Visualization of ancestral DNA strand retention in E. coli. (A) Ancestral DNA strand propagation shown following an EdU pulse and the subsequent growth. After the second round of replication, only one of the chromosomes inherits the EdU label. Note that only a part of the chromosome is labeled with EdU. The 15-min EdU pulse and growth period are also shown relative to a schematic of cell-cycle stages (B, C and D periods; generation time ∼150 min). (B) Representative EdU^Alexa488, Tsr^TMR, and DAPI images of a cell at stage (ii) (see A) after the EdU pulse. Note that each chromosome has two EdU foci because pulse-labeled chromosome arms are separated. (Scale bars, 1 μm.) (C) Representative EdU^Alexa488, Tsr^TMR, and DAPI images after the complete pulse-chase protocol [stage (iv-a), see A]. The older pole is indicated with an arrow. (Scale bars, 1 μm.) (D) Accuracy of the older pole classification using Tsr prior to cell division. Shaded area denotes SD. Data are from 2,505 cells and three repeats. (E) Percentage of ancestral strand retained at the older pole in WT (988 cells), ΔmukB (427 cells), ΔmatP (1,050 cells), nondivisome-interacting matPΔC20 mutant (1,617 cells), ΔzapB (969 cells), Δdam (717 cells), and ΔseqA (473 cells). The dashed line shows random retention. P value from two-proportion, two-tailed z-test was used to test if binomial distributions significantly differ from WT; indicated by n.s. (>0.01, nonsignificant) and * (<0.01, significant) (P values <10⁻⁵, <10⁻⁵, 0.51, 0.83, 0.26, and 0.03, respectively). Shaded areas denote SD from three repeats.
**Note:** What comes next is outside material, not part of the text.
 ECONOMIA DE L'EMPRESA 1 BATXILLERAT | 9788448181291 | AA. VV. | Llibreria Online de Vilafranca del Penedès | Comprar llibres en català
The assay is comprised of the pulse labeling of newly replicated DNA and identifying the relative pole age by chemoreceptor accumulation at cell poles. The newly synthesized DNA was labeled by a 15 min EdU (5-ethynyl-2'-deoxyuridine) pulse, after which cells were washed and allowed to grow for 3 h (generation time ∼150 min). To avoid EdU-mediated growth defects, thymidine was added to the medium to outcompete EdU. We observed no detrimental effects on growth rate or cell size from the low concentration of EdU used in the pulse (SI Appendix, Fig. S4). After the growth period, most cells have completed the following round of replication, resulting in only one of the two sister chromosomes containing the EdU label (Fig. 4A). Cells were then fixed; EdU was visualized by click chemistry using Alexa 488 azide and nucleoids labeled by DAPI (Fig. 4B). As a result, in cells with completely replicated and segregated nucleoids (D-period), the chromosome with the newer template strand will be fluorescently labeled, while the one with the ancestral strand is not (Fig. 4C and SI Appendix, Fig. S4D).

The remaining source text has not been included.